Jack slammed the door shut, back pressed flat against it, while Martha lunged for Chantho's fallen body. Something thudded hard against the other side of the door, one of the Futurekind, and Jack shifted a little, using his whole body to brace the door closed. "Doctor, you'd better-"
Jack looked up just in time to see Yana step back into the TARDIS, start to close the door, but the Doctor lunged forward, blocked the door with his body. Jack's heart leapt into his throat, something rising in the back of his mind and just repeating no, no, no... He should be right there, in between the Doctor and Yana. He shouldn't let the Doctor step inside the TARDIS without him.
But he couldn't move from the door without the Futurekind getting in, and...
There was a scuffle Jack could only half see, the Doctor halfway through the TARDIS door already. The Doctor tripped forward, and kicked the door shut behind him. Jack shouldn't have been able to hear the lock click shut, but he could have sworn he did.
The door rattled again, harder. More of them out there, and how many could there be? "She's dead," Martha said, looking up from Chantho's body, and only then seemed to realize that both the Doctor and Yana were gone. "Doctor?"
"Whatever he's doing in there," Jack said with a grimace, "really wish he'd hurry up." Shouting outside the door. Shouting and almost animal snarling... They couldn't kill Jack, not for good, but they'd kill Martha, and what they could do to him...
What they could do to him suddenly seemed a lot less important as the sound of the TARDIS engines rose, a cycling groan that filled the air and thrummed in Jack's ears and here he was, standing in a far foreign place while that blue box containing his whole universe faded out of sight...
Last time, though, Martha wasn't there. Here and now, she lunges to her feet, lunges at the fading TARDIS, moves to pound on the door but it's already not real enough to actually touch. "Doctor! DOCTOR!"
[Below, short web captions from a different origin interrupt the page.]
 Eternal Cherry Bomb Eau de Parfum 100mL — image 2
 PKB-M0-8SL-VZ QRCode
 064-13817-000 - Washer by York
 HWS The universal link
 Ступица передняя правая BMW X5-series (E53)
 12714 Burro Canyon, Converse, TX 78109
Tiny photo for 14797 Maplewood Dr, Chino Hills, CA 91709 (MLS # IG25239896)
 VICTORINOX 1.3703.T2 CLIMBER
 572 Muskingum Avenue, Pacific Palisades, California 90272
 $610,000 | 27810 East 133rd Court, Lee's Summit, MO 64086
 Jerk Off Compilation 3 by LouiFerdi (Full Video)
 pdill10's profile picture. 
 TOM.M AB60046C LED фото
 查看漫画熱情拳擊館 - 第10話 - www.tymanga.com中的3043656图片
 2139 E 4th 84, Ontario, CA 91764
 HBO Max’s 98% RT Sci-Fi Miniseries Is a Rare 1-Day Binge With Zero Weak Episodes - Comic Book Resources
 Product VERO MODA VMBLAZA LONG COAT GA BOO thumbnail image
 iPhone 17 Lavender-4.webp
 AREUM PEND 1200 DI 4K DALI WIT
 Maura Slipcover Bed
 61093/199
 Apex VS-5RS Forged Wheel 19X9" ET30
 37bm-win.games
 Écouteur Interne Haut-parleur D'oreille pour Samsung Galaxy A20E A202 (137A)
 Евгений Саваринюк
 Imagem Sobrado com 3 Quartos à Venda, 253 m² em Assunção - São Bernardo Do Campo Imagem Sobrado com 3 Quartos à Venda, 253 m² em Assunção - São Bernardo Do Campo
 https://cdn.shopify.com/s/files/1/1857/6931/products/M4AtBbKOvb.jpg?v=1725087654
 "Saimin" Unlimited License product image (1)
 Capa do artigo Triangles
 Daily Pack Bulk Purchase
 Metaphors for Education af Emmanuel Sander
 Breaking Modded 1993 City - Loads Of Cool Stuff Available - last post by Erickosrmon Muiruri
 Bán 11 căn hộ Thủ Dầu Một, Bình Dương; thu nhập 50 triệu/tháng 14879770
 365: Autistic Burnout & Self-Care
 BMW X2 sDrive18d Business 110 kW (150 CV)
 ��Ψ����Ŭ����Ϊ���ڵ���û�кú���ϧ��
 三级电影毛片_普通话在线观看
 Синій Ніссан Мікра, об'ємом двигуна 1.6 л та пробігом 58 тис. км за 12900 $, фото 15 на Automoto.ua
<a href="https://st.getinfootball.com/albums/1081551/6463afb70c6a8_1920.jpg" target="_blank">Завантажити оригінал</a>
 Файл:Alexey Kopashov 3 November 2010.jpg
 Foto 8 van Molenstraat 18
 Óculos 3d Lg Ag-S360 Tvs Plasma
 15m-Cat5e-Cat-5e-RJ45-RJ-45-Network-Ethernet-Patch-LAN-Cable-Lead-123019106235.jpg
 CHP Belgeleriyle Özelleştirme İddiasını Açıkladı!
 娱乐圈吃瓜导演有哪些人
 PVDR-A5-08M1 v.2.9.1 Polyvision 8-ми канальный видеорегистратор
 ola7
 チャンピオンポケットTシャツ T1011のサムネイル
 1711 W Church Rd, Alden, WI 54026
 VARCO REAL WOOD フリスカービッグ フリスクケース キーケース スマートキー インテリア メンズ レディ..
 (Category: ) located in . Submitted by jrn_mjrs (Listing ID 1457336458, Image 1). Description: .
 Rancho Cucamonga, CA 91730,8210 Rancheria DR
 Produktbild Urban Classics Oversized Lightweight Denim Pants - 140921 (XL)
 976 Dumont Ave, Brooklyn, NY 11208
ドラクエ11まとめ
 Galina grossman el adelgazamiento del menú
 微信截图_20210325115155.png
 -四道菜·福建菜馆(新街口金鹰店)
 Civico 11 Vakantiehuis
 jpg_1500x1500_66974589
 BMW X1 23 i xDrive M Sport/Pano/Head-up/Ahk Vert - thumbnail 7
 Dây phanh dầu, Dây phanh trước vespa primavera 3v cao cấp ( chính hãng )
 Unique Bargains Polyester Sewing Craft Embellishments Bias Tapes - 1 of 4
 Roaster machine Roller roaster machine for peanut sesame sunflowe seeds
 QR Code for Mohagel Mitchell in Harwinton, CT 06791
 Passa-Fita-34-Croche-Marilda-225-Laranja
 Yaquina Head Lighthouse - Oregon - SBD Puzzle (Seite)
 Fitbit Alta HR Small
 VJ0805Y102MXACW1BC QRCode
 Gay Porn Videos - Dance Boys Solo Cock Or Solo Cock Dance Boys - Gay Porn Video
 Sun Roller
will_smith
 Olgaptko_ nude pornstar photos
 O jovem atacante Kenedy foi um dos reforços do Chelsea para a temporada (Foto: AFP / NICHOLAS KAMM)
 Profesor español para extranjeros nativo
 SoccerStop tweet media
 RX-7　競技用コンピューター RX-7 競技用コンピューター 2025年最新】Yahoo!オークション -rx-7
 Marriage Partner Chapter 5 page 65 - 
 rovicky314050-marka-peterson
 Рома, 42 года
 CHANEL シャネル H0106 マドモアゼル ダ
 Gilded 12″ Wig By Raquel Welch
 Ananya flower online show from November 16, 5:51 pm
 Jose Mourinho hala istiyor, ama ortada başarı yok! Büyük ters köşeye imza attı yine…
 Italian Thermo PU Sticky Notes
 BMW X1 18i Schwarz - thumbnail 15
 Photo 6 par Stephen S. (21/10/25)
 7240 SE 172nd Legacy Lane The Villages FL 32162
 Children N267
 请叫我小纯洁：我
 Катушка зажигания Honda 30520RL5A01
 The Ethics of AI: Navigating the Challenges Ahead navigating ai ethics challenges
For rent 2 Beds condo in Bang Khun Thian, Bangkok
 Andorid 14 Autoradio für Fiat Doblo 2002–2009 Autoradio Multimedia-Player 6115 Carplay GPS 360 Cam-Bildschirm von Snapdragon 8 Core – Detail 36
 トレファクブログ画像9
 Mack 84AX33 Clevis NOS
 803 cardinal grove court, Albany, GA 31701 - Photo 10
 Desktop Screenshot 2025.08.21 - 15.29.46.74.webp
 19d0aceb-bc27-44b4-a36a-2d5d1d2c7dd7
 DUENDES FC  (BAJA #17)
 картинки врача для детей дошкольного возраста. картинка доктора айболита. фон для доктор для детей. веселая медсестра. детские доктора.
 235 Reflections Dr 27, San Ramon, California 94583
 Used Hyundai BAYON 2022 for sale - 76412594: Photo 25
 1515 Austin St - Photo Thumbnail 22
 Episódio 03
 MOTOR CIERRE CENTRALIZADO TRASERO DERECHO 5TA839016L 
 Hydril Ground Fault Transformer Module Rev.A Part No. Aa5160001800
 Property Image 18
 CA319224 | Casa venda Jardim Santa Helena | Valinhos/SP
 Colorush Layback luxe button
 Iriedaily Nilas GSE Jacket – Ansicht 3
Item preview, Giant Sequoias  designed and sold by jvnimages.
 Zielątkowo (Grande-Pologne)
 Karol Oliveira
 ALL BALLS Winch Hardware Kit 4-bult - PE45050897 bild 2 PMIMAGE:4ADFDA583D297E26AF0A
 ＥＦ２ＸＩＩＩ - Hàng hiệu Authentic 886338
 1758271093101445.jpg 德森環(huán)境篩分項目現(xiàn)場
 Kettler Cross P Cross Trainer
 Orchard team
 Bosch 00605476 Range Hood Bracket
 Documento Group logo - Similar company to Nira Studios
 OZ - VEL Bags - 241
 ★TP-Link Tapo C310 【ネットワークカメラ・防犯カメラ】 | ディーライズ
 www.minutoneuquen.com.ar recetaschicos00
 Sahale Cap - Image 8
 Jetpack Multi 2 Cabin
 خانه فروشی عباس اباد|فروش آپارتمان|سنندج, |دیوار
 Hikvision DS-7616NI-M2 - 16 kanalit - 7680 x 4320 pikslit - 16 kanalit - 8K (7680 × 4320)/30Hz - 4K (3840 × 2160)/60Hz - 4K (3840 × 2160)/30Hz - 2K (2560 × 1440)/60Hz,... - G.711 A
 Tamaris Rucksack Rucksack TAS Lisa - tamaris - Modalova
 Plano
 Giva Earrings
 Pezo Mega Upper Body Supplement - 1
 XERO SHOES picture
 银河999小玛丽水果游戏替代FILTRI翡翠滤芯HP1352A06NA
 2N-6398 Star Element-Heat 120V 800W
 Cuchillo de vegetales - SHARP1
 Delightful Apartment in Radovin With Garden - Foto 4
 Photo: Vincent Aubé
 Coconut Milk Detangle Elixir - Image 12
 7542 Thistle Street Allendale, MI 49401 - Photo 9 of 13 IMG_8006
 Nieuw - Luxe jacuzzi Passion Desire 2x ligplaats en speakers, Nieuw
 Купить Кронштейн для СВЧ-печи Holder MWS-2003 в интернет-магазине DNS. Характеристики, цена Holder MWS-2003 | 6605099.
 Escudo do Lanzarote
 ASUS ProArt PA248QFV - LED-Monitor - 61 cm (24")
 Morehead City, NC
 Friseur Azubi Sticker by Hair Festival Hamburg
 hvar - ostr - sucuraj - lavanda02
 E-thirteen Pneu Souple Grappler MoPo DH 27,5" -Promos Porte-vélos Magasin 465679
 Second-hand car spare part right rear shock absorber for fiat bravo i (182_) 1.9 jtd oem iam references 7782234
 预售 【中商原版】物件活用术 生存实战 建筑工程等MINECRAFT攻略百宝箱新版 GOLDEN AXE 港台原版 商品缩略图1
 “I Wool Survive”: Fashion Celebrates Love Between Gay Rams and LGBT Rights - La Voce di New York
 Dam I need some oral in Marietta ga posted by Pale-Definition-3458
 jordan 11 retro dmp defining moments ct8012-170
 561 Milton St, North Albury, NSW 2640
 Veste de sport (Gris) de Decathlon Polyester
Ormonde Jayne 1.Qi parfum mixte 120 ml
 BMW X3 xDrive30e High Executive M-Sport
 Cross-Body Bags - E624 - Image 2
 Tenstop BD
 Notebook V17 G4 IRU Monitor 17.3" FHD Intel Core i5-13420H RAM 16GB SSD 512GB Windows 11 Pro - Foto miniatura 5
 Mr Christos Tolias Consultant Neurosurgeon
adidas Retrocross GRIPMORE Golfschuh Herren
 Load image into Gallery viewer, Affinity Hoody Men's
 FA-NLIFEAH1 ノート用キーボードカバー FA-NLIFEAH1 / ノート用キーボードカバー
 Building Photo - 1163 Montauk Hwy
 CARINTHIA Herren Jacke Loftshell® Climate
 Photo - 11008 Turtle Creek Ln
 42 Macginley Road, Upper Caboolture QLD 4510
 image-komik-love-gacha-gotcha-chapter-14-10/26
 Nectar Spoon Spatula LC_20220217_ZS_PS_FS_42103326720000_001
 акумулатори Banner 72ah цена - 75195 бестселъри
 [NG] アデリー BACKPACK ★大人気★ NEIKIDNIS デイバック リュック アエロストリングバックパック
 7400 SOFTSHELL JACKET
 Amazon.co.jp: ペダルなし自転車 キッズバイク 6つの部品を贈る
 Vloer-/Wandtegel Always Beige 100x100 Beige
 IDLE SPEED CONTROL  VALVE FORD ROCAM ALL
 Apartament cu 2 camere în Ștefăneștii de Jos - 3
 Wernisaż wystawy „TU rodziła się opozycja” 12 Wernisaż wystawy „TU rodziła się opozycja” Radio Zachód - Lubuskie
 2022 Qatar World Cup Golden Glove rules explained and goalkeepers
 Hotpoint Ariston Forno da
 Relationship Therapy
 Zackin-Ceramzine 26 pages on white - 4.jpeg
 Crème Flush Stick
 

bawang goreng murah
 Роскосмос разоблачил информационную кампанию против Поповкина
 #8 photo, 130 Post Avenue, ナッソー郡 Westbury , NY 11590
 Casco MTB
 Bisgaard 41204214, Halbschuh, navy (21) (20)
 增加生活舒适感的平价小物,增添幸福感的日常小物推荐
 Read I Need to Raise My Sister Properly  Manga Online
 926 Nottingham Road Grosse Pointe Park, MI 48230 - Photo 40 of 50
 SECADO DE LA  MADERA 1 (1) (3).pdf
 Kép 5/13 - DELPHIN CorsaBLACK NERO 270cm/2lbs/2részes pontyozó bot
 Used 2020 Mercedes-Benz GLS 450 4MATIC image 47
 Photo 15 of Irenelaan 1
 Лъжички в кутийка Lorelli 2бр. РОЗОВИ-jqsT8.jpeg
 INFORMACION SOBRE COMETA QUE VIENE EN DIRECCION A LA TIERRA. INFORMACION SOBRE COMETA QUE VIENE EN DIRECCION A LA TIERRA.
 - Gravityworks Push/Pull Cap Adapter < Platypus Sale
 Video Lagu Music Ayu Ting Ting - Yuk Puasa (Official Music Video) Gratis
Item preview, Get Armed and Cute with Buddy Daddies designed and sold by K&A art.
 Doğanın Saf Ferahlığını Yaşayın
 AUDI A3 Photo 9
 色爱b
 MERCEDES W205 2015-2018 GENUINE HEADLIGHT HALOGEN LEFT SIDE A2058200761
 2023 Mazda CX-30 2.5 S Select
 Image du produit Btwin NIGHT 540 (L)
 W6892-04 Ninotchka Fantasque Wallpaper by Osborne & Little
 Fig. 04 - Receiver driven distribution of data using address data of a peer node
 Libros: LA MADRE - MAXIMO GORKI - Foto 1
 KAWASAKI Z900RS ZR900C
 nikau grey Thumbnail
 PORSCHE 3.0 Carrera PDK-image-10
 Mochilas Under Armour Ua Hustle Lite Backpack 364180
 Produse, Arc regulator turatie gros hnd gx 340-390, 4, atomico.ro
It was gone. Jack stared for a moment, unable to breathe. Martha stared too, and then whipped around to face Jack. "What do we do?"
The door rattled so hard Jack's grip slipped a little, started to slide open. Jack growled, shoved it shut again, and glanced back over at Martha. "I don't know. But we better think of something fast."
"He left once before," Martha said, still carefully not looking at Jack. "Not long after we first started travelling together. He came back then. I guess that's obvious."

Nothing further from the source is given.